Printemps sur le lac de la Gruyère (Cath. Avril 2008)
Le miroir ne ment pas, mais c'est normal, il est muet! c'est elle qui lui parle!
dimanche 18 octobre 2009
Mary Poppins

mes sacs à mains dernièrement utilisés, mais j'en ai quelques autres que j'avais la flemme de chercher pour la photo
Apparemment le contenu des sacs à main des dames continue de susciter étonnement rires et sarcasmes de la part de certains membres de la gente masculine que je ne nommerai pas ici. Certains me désignent comme bordéleuse du sac à main...et bien, eh bien...OUI!!! C'est vrai!!
Mais qui n'a pas eu besoin un jour, d'un désinfectant en pschitt pour un petit bobo, d'une pince à épiler pour ôter une écharde, d'un tire bouchon pour une bonne bouteille impromptue, d'un efferalgan pour l'après bouteille, d'une mini lampe de poche pour trouver le trou de la serrure dans le noir pour cause d'éclairage public inexistant, d'un chwing à la chloro pour une haleine fraiche, d'un couteau suisse pour ce que vous voudrez ( c'est même le propre des couteaux suisses, à tout faire!) d'un triple mètre chez Ikea par exemple ou brico loisirs, d'un coupe ongle pour tailler l'ongle du pouce qui ne passe pas dans le trou de la boule de bowling, d'une épingle à nourrice, de fil et d'une aiguille pour un bouton qui saute...hein...qui???

le contenu de mon sac actuel (cliquez pour agrandir)
oh!!! un échantillon de moutarde en tube, j'aurai préféré du sucre emballé mais j'avais du manger des frites au lieu de boire un café ce jour là! Si un objet vous intrigue demandez. le sac en plastique contenant un objet noir en haut à droite, est un sac de congélation avec une culotte oubliée dans la chambre de veille du foyer où je bosse, et qu'un collègue gêné m'a gentiment remis)
Les résidents et collègues du foyer où je travaille ne rient plus du tout quand ils ont besoin de quelque chose et que je le tire de mon sac...ils m'appellent Mary Poppins, ou Ali Baba! Je préfère la première parce qu'en plus elle chante!
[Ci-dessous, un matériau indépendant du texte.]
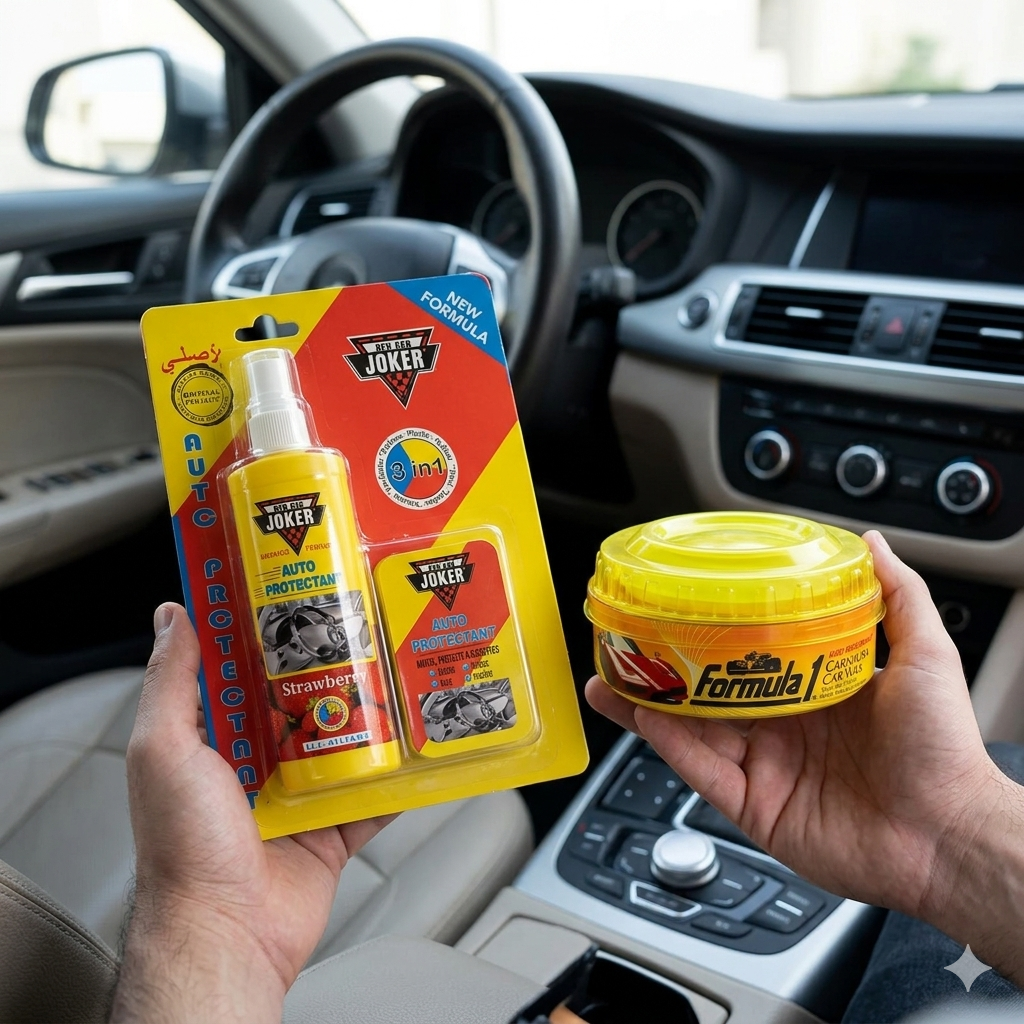JOKER Sprej i CARNAUBA Vosak za Kola- Set Poliranje Eksterijera i Zaštitu Plastike, Kože, Gume i Vinila u Kolima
D'ailleurs j'ai parfois des partitions de musique dans mon sac!
Bon ok, il s'y trouve aussi des choses bien inutiles, comme de vieux tickets de caisse, des mouchoirs roulés en boule ou des mégots vidés de leur tabac, mais si la Suisse m'a appris une chose, c'est de ne pas jeter de détritus par terre. Alors forcément c'est soit dans les poches, soit dans le sac!
Pour le reste des objets contenus, à vous de faire preuve d'observation sur la photo du contenu de mon sac actuel! C'est pas tant le bazar je trouve? Non? Bon il faut dire que ma soeur m'a offert un sac à main, grand avec pleins de poches, comme je les aime, pour mon anniversaire. Comme il n'a qu'une semaine, il n'est pas encore trop chargé! Mais je me connais!
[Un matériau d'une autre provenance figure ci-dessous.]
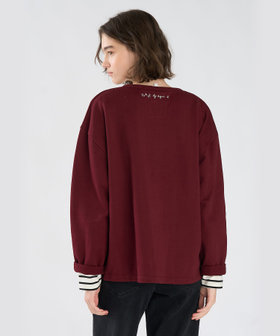 To b. by agnès b. To b. by agnes b.× green label relaxing コットン ビッグカーディガン ボルドー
Ok, il m'est parfois difficile d'y retrouver mes clefs ou mon téléphone mais je finis toujours par remettre la main dessus,après avoir farfouillé dans mon sac en pestant, alors immanquablement ils étaient dans ma poche! Mouarff!!
Voilà le contenu de mon sac à main aujourd'hui...mais demain est un autre jour, alors même moi je ne sais pas ce qu'il pourra contenir!